Pour l’amour du cheval

Un sourire toujours aux lèvres et une modestie apparente mais qui cache mal une confiance en soi. Il s’agit de Badre Fakir, le secrétaire permanent de la Fédération royale marocaine des sports équestres.
Son histoire avec le cheval est digne des plus belles histoires d’amour entre l’homme et l’animal. Badre Fakir est né le 28 juillet en 1972 à Rabat. Issu d’une famille de sportifs dont le père était footballeur professionnel et amateur de boxe, c’est le cas de dire que le sport est une affaire de famille chez les Fakir. Le jeune Badre fait sa première entrée en compétition à l’âge de 11 ans, catégorie Cadets, au lendemain du championnat 1984 auquel il n’a pas participé.
L’année d’après, à savoir en 1985, il est classé 4e au championnat national. Un début des plus prometteurs puisque, au fil des années, il n’a cessé d’accumuler les brillantes prestations. Jusqu’en 1998, où il a été sacré champion du Maroc Junior dans le concours complet d’équitation qui revêt trois disciplines : le saut d’obstacles, le cross et le dressage. Une année où il a également été médaillé de bronze au saut d’obstacles pour la même catégorie. Sa première participation internationale a eu lieu en 1988 aux Pays-bas, aux côtés de l’actuel champion du Maroc, Youness Salhi et où le Maroc a été le seul pays arabe et africain à être représenté. Un an après, il participe au championnat d’Afrique à l’ex-république de Zaïre (l’actuelle République démocratique du Congo) où il est élu meilleur cavalier Junior africain. « C’était une épreuve où j’étais le seul cavalier à ne pas avoir mon propre cheval. J’ai dû me contenter de celui qu’on m’avait proposé», se souvient Badre. En 1999, Fakir est vice champion du Maroc, Senior catégorie B.

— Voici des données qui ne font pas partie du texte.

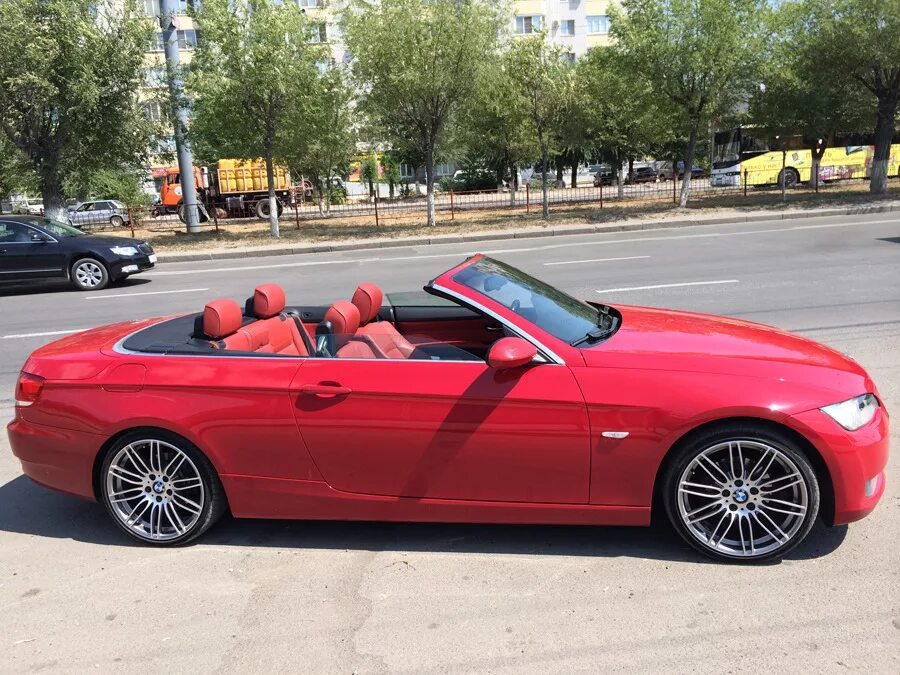 Купить кабриолет бу россия. BMW 328i Cabrio красный. БМВ 3 кабриолет красная. БМВ кабриолет 4 двери. БМВ купе кабриолет 2022 красный.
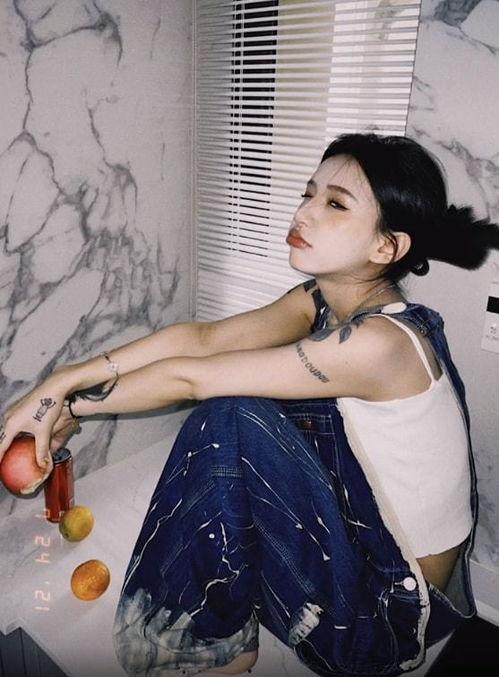 吃瓜网红男女视频大全在线观看,吃瓜网红男女视频大全，精彩瞬间一网打尽！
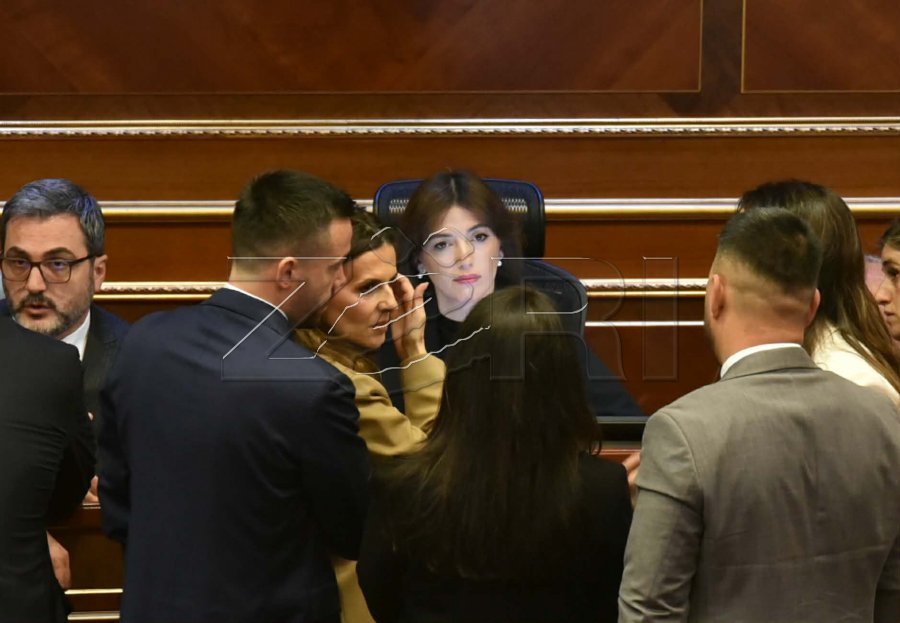 Renditja si pikë e rendit të ditës të draft rezolutës së PDK së  grupet parlamentare konsultohen me Haxhiun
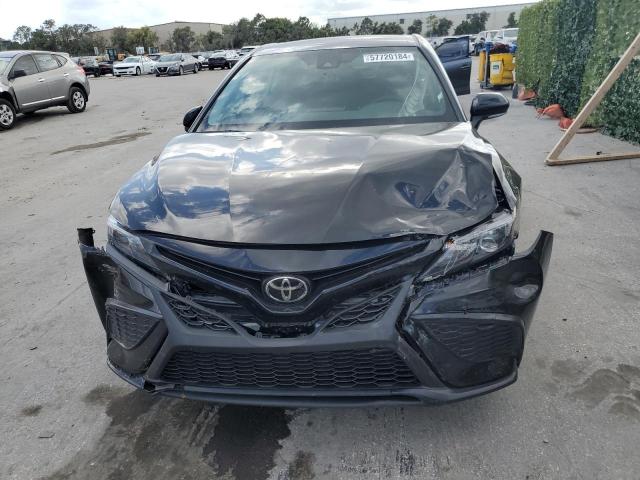 4T1G11AK0RU255699 - 2024 TOYOTA CAMRY SE NIGHT SHADE BLACK photo 5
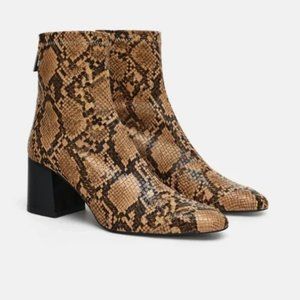 Zara Snake Skin Paten Leather Bootie Size 8.5 Women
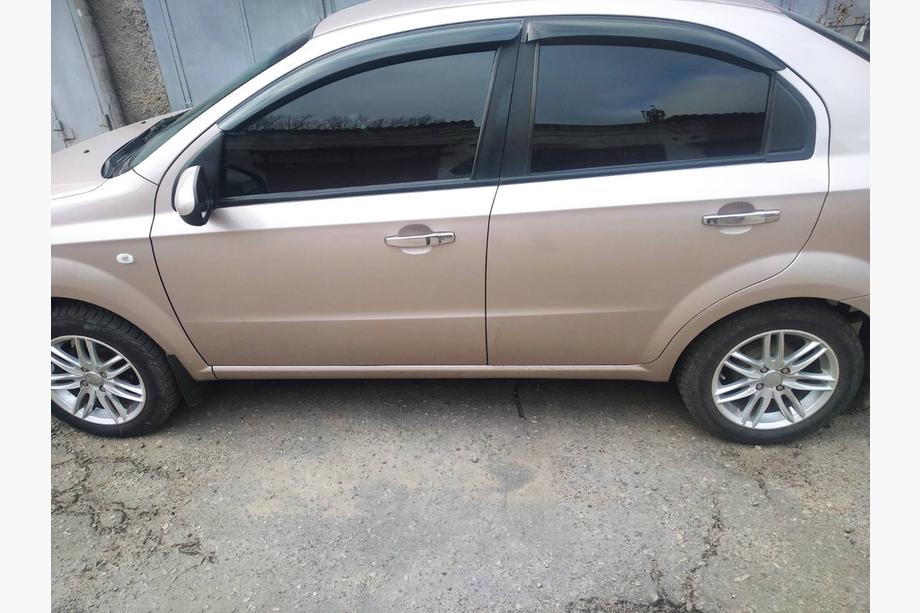 Chevrolet Aveo T250 2005-2011 Chromowane Nakładki na Klameki (4 szt) Image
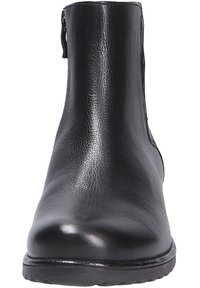 Stivale alla caviglia in pelle nera con una texture liscia, punta arrotondata e chiusura con zip sul lato. Presenta un tacco basso in legno e suola resistente.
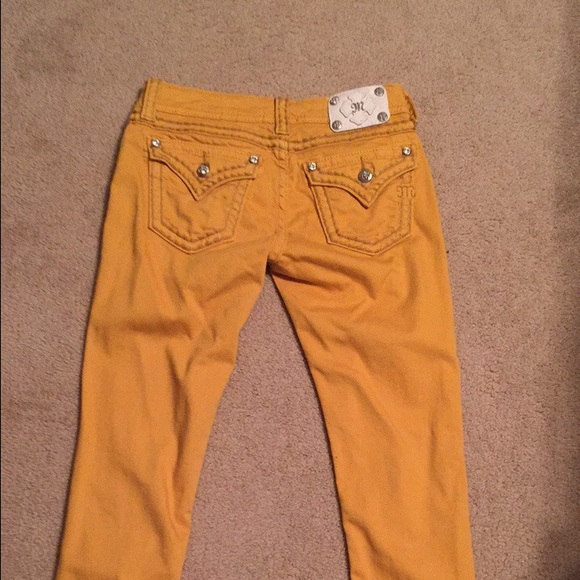 Gold Miss Me Skinny Jeans $50 size 27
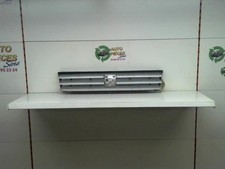 Calandre Peugeot 309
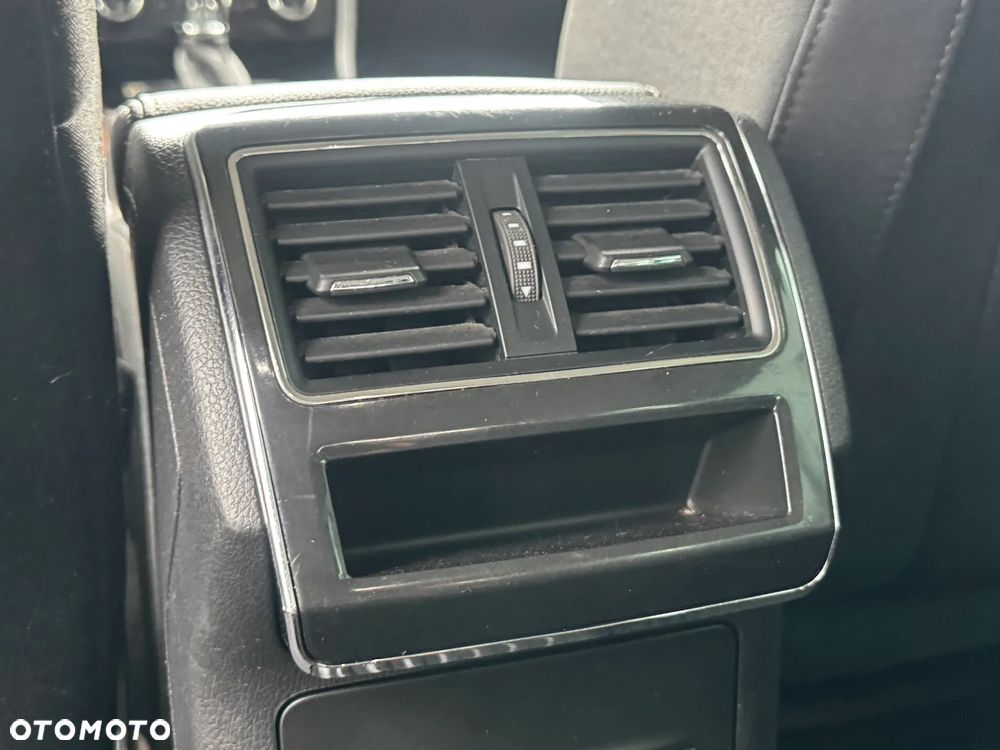 Skoda Superb 2.0 TDI SCR 4x4 Scout DSG - 11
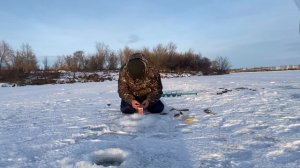 Зимняя рыбалка в деревне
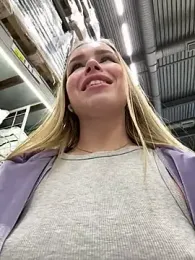 Liza_risky stripchat stream image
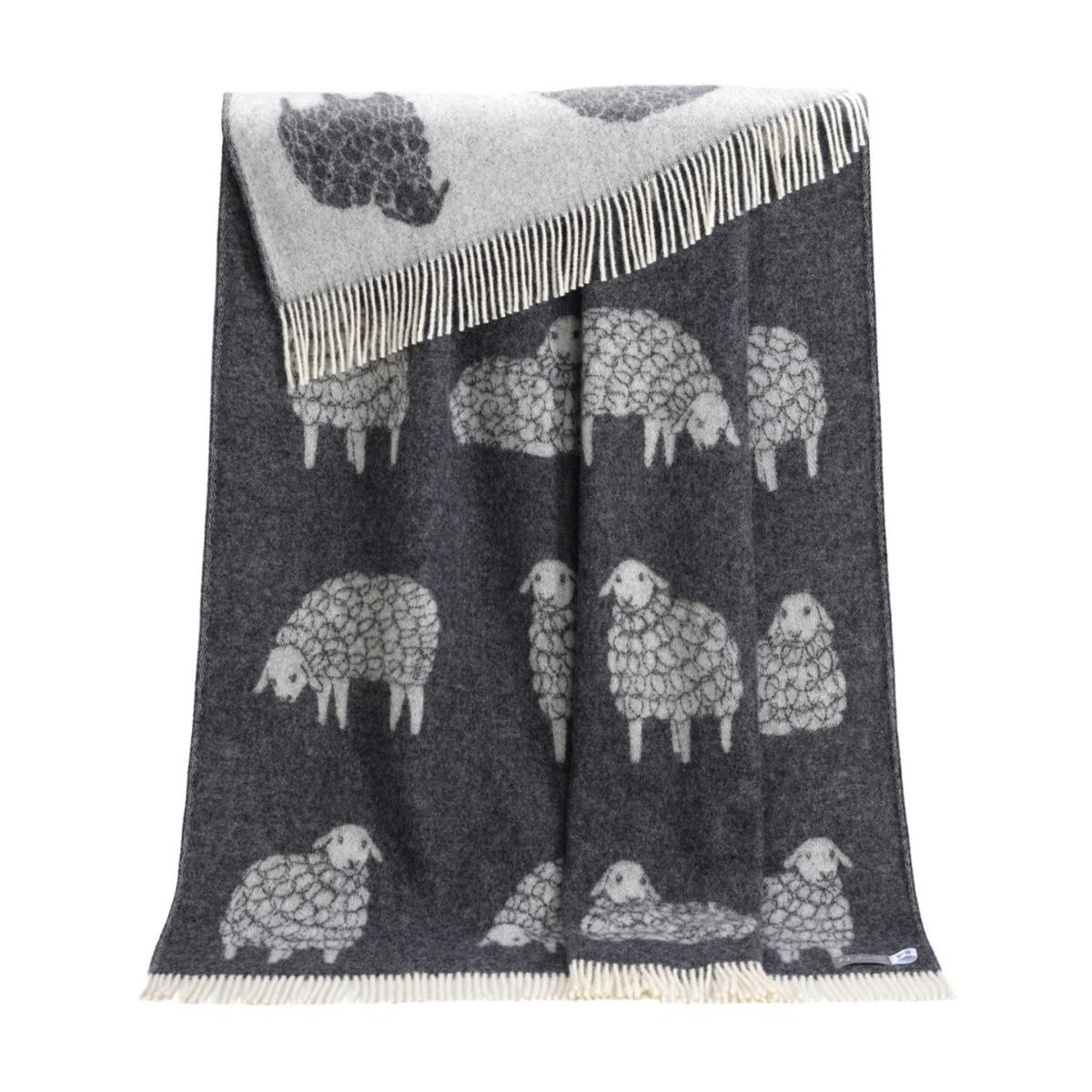 Black / White Soft Black Mima Sheep Wool Throw J. j.textile – image 3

Parallèlement, Badre Fakir réussit à décrocher son bac, série B (économie) de la mission française de Rabat. Il entame des études supérieures (BTS) en Commerce international, mais il ne tarde pas à changer de cap pour faire un BTS en Tourisme et hôtellerie. Il est majeur de promotion en Gestion hôtelière et marketing en 1996. Mais déjà un autre vent souffle dans la vie du jeune champion. Son amour pour le cheval finit par l’emporter sur tout le reste. Sur la proposition notamment de son Altesse royale Lalla Amina, mais aussi de feu Moulay Driss El Ouazzani, ancien président de la fédération des sports équestres et de son président délégué actuel, Abdelhak Barakate, il intègre la fédération royale des sports équestres. « J’adorais cette discipline, et j’avais les moyens nécessaires pour bien faire. Je n’ai pas hésité une seconde à accepter ce poste qui, pour moi, est un grand honneur », remarque Badre. Un sentiment de gratitude fort louable et une confiance que Badre fait de son mieux pour mériter. « Je suis dans mon élément. Je ne me voyais nullement dans une administration ni au sein d’une entreprise. J’ai un besoin vital de mouvement, de dynamisme. Et c’est grâce à ces gens hors du commun, à leur tête Lalla Amina qui m’a toujours soutenu, que j’ai enfin pu réaliser ce dont j’ai toujours rêvé.
Je suis né avec le cheval et c’est au service de ce sport que je veux rester ». Une responsabilité dont il s’acquitte avec abnégation. En témoigne le Trophée Maroc Equestre, une manifestation qui célèbre tous les sports dont le principal acteur est le cheval. Sous le haut patronage de son altesse Royale Lalla Amina, il en est l’instigateur. Autre «exploit» du jeune Badre, le magazine spécialisé, «Maroc Equestre», premier en matière de sports au Maroc. il s’agit d’un trimestriel qui met le pied à l’étrier pour faire connaître les cavaliers et les chevaux, bel et bien de chez nous, qui marquent l’actualité hippique aussi bien marocaine qu’internationale.
Conscient que l’apprentissage n’a pas de frontières et empreint d’une modestie qui n’a d’égal que son dynamisme et sa détermination, Badre Fakir a été pendant deux ans en formation de chef de piste.
Il est actuellement en formation également pour être membre de jury et à moyen et long terme, président de jury. Objectif, présider des jurys pour des compétitions internationales. Sa passion pour ce sport, ses connaissances en la matière et son jeune âge aidant, la chevauchée d’une belle carrière ne fait que commencer.